Luis Sánchez [email protected]
Durante las celebraciones darianas de este año, el alcalde de Ciudad Darío hizo poner en un lugar distinguido de aquella ciudad un busto del ex presidente Arnoldo Alemán, a quien, por eso mismo, en algunos medios lo llamaron “Prócer Viviente”. Pero de seguro que fue en sentido irónico que calificaron así al señor Alemán.
Prócer, en el sentido estricto de la palabra, es una “persona de la primera distinción o constituida en alta dignidad”, según el diccionario de la RAE. Viene del vocablo latino proceris, que significa ilustre, y así llamaban los antiguos romanos (¡siempre los romanos!) a las personas nobles y distinguidas. En España, la reina regente María Cristina de Borbón dio —en el Estatuto Real que rigió de 1834 a 1836— el título de próceres a los integrantes de un estamento especial que por derecho propio o nombramiento regio integró las Cortes Españolas en carácter de senado, junto con el estamento de procuradores o diputados.
Y en los países hispanoamericanos desde el siglo XIX se comenzó a llamar próceres a los principales líderes de la independencia, quienes en su gran mayoría eran criollos, o sea, españoles nacidos en América. Y desde entonces cuando se habla de próceres se entiende que son los forjadores de la independencia, o padres de la Patria como también se les dice, respetuosamente. Dicho con otras palabras, los próceres nacionales son aquellas personas ejemplares a quienes la posteridad rinde tributo porque sus acciones se grabaron en la historia, pues su vida y obra se identificaron con las etapas decisivas de la formación de la nacionalidad, con la creación del Estado independiente, etc.
Pero también algunos dictadores y tiranos se han adjudicado el título de próceres y algunos hasta se han proclamado símbolos de la Patria, e inclusive de la Providencia. Recuerdo, a propósito, una impresionante escena de la telenovela venezolana Gómez, que se pasó en Nicaragua en 1982, sobre la vida del general Juan Vicente Gómez, famoso y tenebroso personaje que gobernó sangrientamente a Venezuela entre 1908 y 1935. En el momento cumbre del culebrón histórico, cuando Gómez se estaba muriendo de causa natural, su más fiel ayudante, Tarazona, exclamó, transido de dolor y con la voz quebrada por el llanto: “¡Se muere la Patria!”

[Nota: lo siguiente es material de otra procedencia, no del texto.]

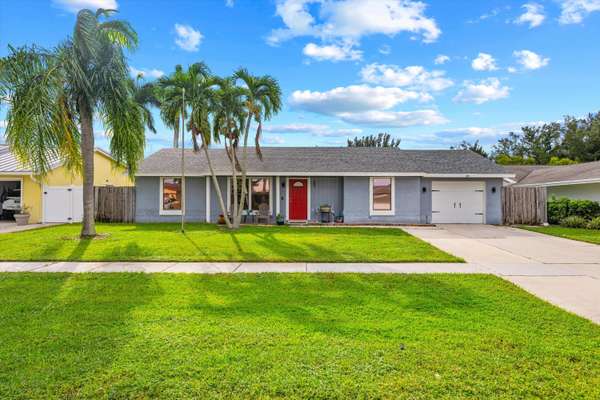 8457 W Mildred DR,  Boynton Beach,  FL 33472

Pero no hace mucho —en 1998—, en Argentina hubo una candente discusión pública cuando alguien mandó a imprimir y distribuir unos cuadernos escolares en los que aparecía la foto del entonces presidente Carlos Menem junto a las efigies de los próceres José de San Martín, Manuel Belgrano y Domingo Faustino Sarmiento.
En Nicaragua, al general Anastasio Somoza García sus serviles le endilgaban distintos “títulos” estrambóticos; y a su hijo, Anastasio Somoza Debayle, alguien le llamó “Huracán de la Paz” entre otros abyectos calificativos. Por cierto, al general Somoza Debayle fue a quien el Dr. Pedro Joaquín Chamorro Cardenal llamó irónicamente “El Prócer”, según aparece en el Diario personal de nuestro Director Mártir, escrito entre el 13 de febrero de 1975 y el 20 de diciembre de 1977.
De manera que debe ser por eso que al ex presidente Alemán lo llaman “Prócer Viviente”, después que se mandó a hacer y colocar su busto en Ciudad Darío, que a lo mejor podría ser rebautizada como “Ciudad Prócer Alemán”. ¿Por qué no? En Nicaragua nada es imposible.